FIGURE 2. (A) Geographical setting of the stratigraphic well Saltarín 1A in the Colombian Eastern Llanos Basin (after Camacho et al., 2013). (B) Lithologic column of the stratigraphic well Saltarín 1A showing the limits, textures, and sedimentary structures for Upper Carbonera, Leon, and Guayabo Formations and the corresponding Gamma Ray (GR) log for the first 520 m (after Costanzo-Álvarez et al., 2012). (C) Gamma Ray and Resistivity type-logs for the Eastern Llanos Basin showing the approximate boundaries of the Upper Carbonera, Leon and Guayabo Formations (Petroleum system chart for the Eastern Llanos Basin by Barrero et al., 2007). Arrows correlate the formational boundaries of the resistivity type-log with their corresponding equivalents fully identified in the Saltarin 1A (Bayona et al., 2008).
Palmer and Russell (1988) identified five different families of crude oils in the Eastern Llanos Basin which, in most cases, are a combination of hydrocarbons generated in Cretaceous marine (siliciclastic and carbonate) and terrestrial (deltaic) source rocks. According to its location, Saltarin 1A belongs to a region in the Basin characterized by Family 2 (approximately 30–40 API and up to 0.5% of Sulfur), Family 3 (approximately from 10 to 35 API and up to 0.5% of Sulfur), and Family 4 (15–32 API and 0.75–1.8% of Sulfur). Family 2 shows a terrestrial origin, whereas Families 3 and 4 are mixtures of mature hydrocarbons of terrestrial and marine origins. The Basin comprises the largest oil fields in Colombia, with total cumulative production up to 2,007 of 2,900 million barrels of oil equivalent, and the potential for future discoveries of large to medium new fields (Moretti et al., 2009). It also contains the largest proven reserves of natural gas in the country, with about 50% of a total of 5.5 TPC for 2013 (UPME Unidad de Planeación Minero Energética, 2013).

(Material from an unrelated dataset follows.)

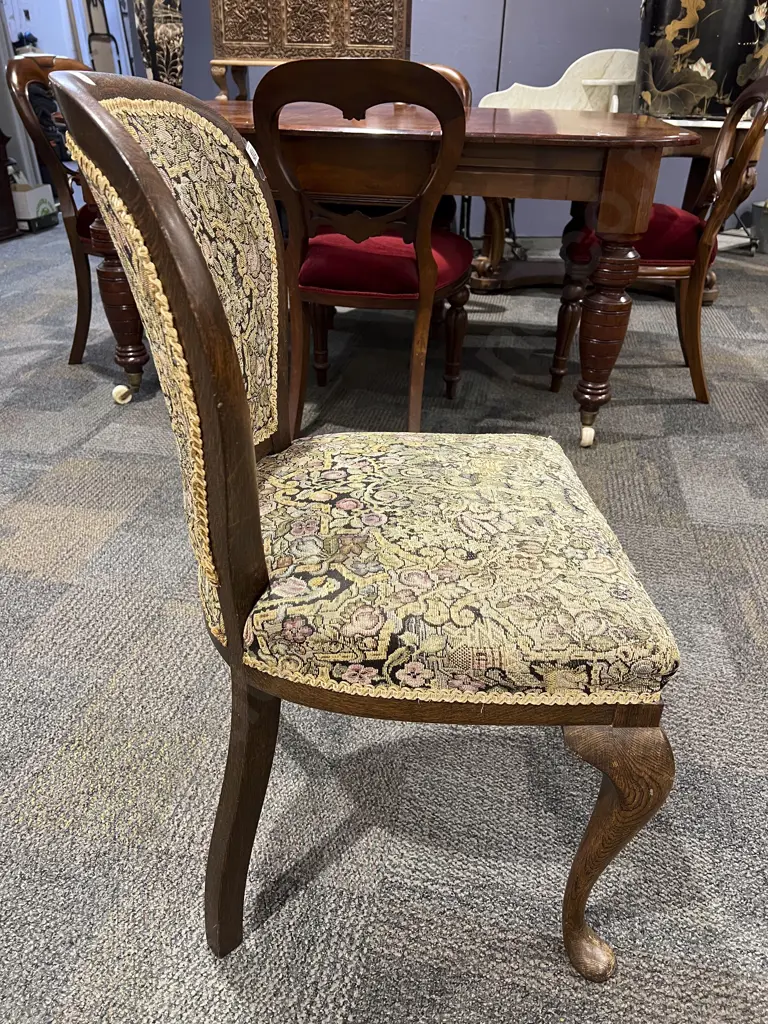 Tapestry Upholstered Oak Single Chair Image 1++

There is no resistivity information specific to Saltarin 1A. However, Figure 2B shows the GR and Resistivity type-logs of a stratigraphic type-section for the Eastern Llanos Basin that integrates data from an unspecified number of oil wells and was reported by Barrero et al. (2007) in a Petroleum System Chart for the Eastern Llanos Basin. Since the tops of Guayabo, Leon, and Carbonera are clearly recognized in this generic profile, it is possible to precisely correlate them with their Saltarin 1A counterparts, as indicated in Figures 2B,C.

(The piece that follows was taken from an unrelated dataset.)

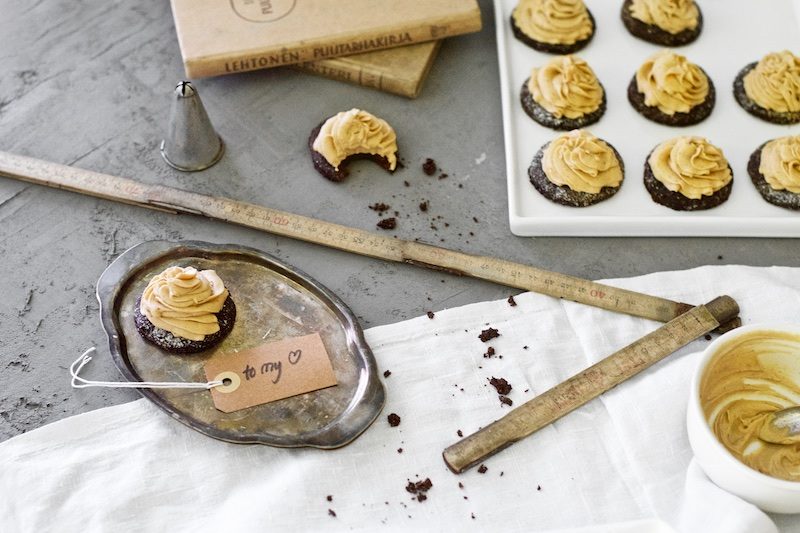 peanutbuttercream_glutenfree_cookies_yellowmood_hannamarirahkonen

Geochemical analyses (i.e., gas chromatography-mass spectroscopy GC-MS and Fourier transform infrared FTIR), carried out on bitumen samples extracted from oil-stained rocks in the Saltarin 1A, identify an oil and gas-prone kerogen type II, possibly generated from a source of organic matter of mixed terrestrial and marine origin, accumulated in an anoxic paleoenvironment (Emmerton et al., 2013). Moreover, GC-MS and FTIR analyses on four rock samples from Carbonera, Leon, and Guayabo, show dominant abundances of aliphatic n-alkanes (i.e., between 74% and 94%) with little evidence for biodegradation (Emmerton et al., 2013).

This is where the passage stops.